# RECORDS TO USE
►
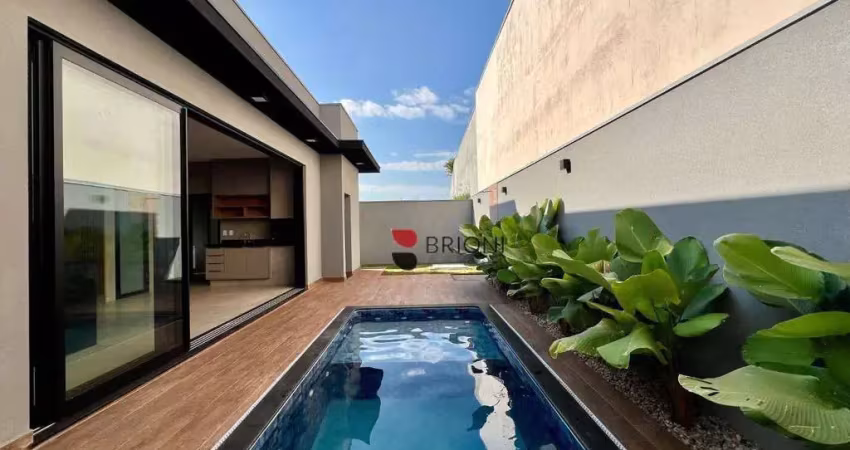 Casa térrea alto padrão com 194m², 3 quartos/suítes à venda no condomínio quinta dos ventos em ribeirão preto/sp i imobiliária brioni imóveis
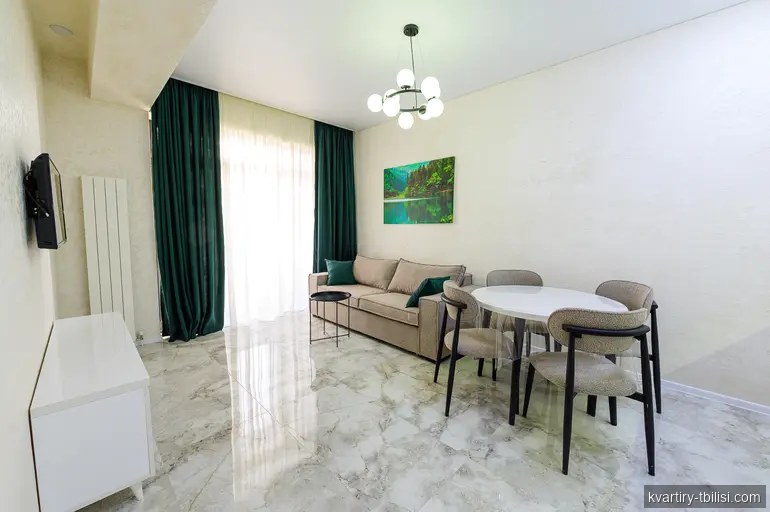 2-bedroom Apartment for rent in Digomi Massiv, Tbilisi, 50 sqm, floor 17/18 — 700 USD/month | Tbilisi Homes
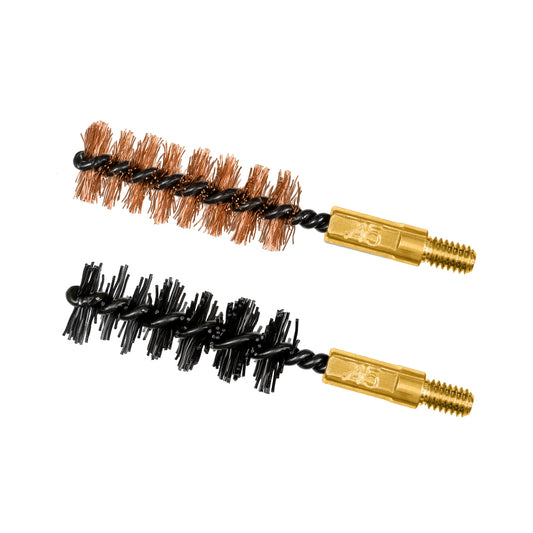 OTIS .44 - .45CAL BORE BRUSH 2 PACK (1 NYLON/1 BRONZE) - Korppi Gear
◄
►
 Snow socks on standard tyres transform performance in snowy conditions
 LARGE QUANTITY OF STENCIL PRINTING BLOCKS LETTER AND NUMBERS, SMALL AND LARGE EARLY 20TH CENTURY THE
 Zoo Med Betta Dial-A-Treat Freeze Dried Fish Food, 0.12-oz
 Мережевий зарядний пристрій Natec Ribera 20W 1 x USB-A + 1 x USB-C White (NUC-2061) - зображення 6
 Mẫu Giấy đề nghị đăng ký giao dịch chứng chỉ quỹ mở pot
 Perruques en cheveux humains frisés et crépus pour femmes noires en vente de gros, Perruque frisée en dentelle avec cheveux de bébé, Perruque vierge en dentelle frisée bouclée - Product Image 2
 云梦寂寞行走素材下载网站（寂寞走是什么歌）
◄
►
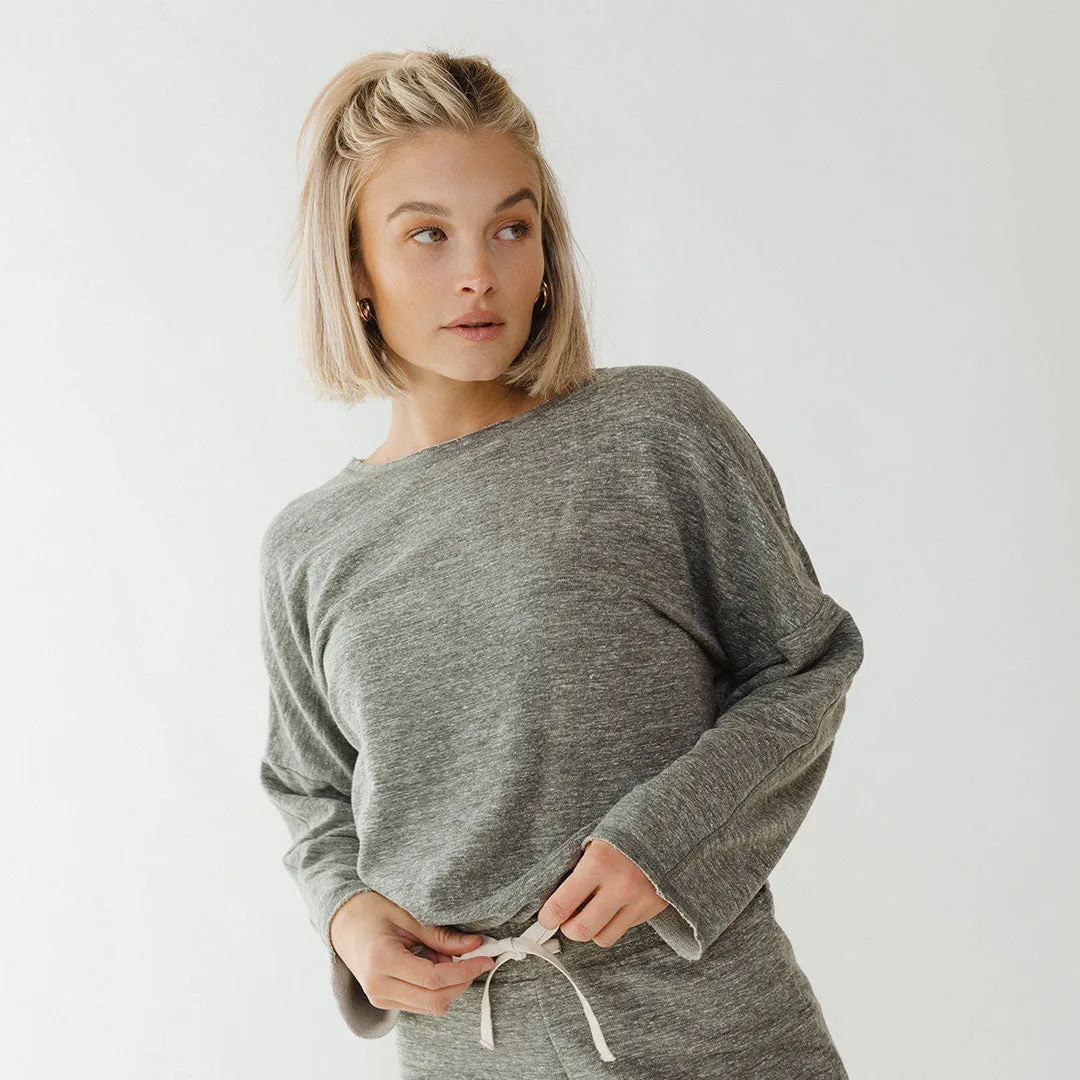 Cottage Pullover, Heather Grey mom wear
◄
In your answer, include only the lines above starting at the line that holds "Snow socks on" and ending at the line that holds "Zoo Med Betta", copied exactly.

# RESPONSE AREA
 Snow socks on standard tyres transform performance in snowy conditions
 LARGE QUANTITY OF STENCIL PRINTING BLOCKS LETTER AND NUMBERS, SMALL AND LARGE EARLY 20TH CENTURY THE
 Zoo Med Betta Dial-A-Treat Freeze Dried Fish Food, 0.12-oz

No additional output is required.